By Allan Hall
PUBLISHED: 10:31 EST, 1 May 2012 | UPDATED: 19:18 EST, 1 May 2012
Furniture giant IKEA used political prisoners arrested by the dreaded Stasi secret police of former East Germany to make its products in the 1970s and 80s, it has been alleged.
The claims will be aired tomorrow on Swedish TV station Sveriges Television’s (SVT).
Initially the company denied the reports but then said it had requested documents from the Stasi archive.
Claims: IKEA used the labour of East German political prisoners to make its furniture, it has been alleged
It has now said it is ‘interviewing people at Ikea who were around back then,’ according to Ikea’s social and environmental manager Jeanette Skjelmose.
She said: ‘So far there are no indications that we would have asked that prisoners be used in manufacturing or known about it.
‘What we’re looking into now is whether it could have happened anyway, without our knowledge.’
The show claims there is evidence to support the allegation that political prisoners were used.

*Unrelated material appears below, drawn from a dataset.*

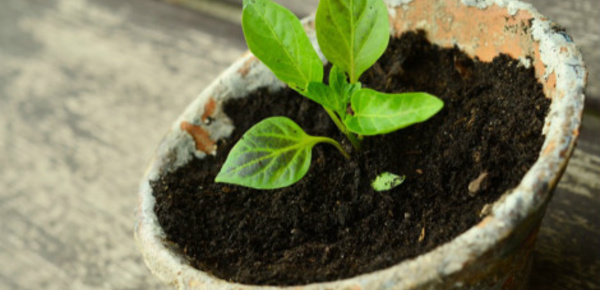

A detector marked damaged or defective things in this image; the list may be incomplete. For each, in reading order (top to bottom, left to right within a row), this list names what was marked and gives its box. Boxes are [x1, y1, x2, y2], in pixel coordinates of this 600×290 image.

chipped pot rim [135, 1, 584, 288] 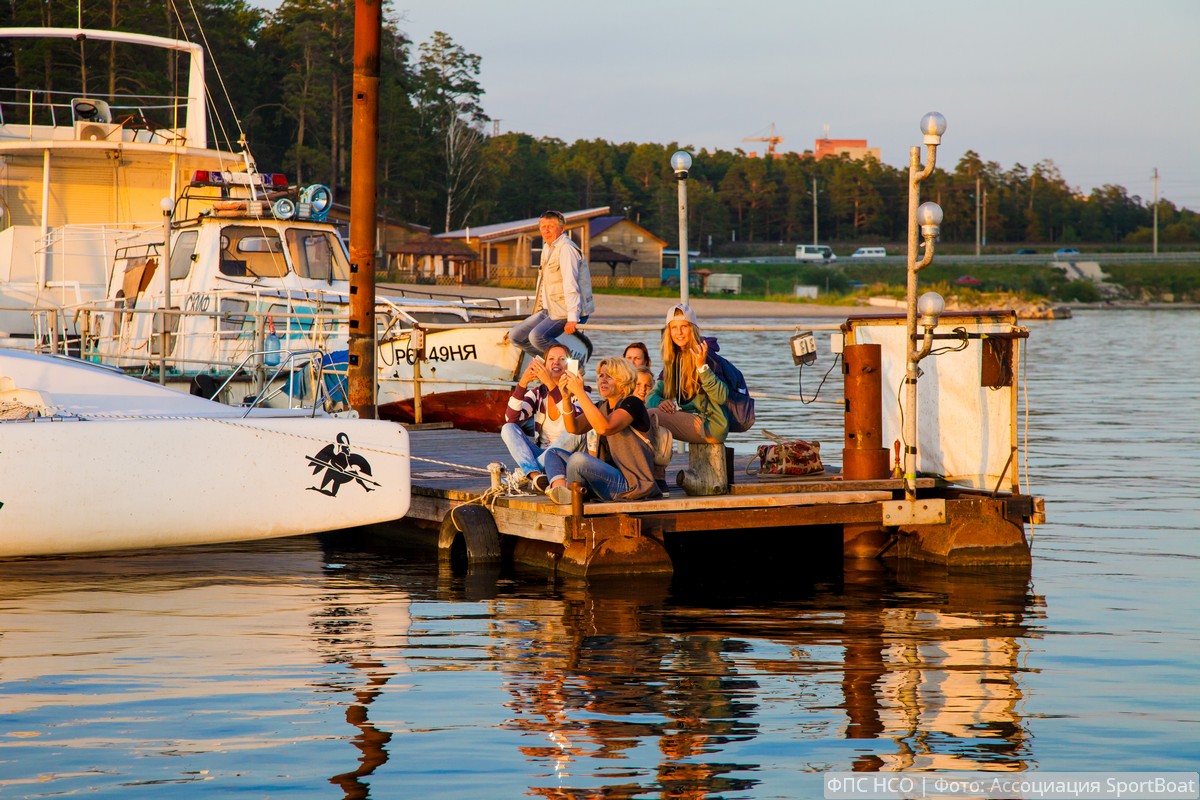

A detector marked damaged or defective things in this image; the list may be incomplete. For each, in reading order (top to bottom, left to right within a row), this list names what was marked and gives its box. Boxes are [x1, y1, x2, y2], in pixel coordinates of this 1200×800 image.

Terror: The Stasi secret police, the Berlin HQ of which is pictured here, allegedly forced political prisoners to work for the store
A reporter for the show found documents supporting the claim in the Stasi files, according to a trailer for the show on SVT’s website.
Ikea claimed in its statement that it takes the issue seriously and that regular inspections were made of the firm’s factories in the German Democratic Republic before the regime imploded in 1989.
During the 1970s, Ikea developed a strong manufacturing base in East Germany with 65 factories producing parts and furniture.
A 2011 doumentary in Germany cited documents claiming that IKEA had a ‘thorough co-operation’ with East German authorities.
Ikea’s popular Klippan sofa was produced in East Germany at a plant situated next to a prison in Waldheim.
A former prison chief said that prison labour was an ‘expected part of furniture production’.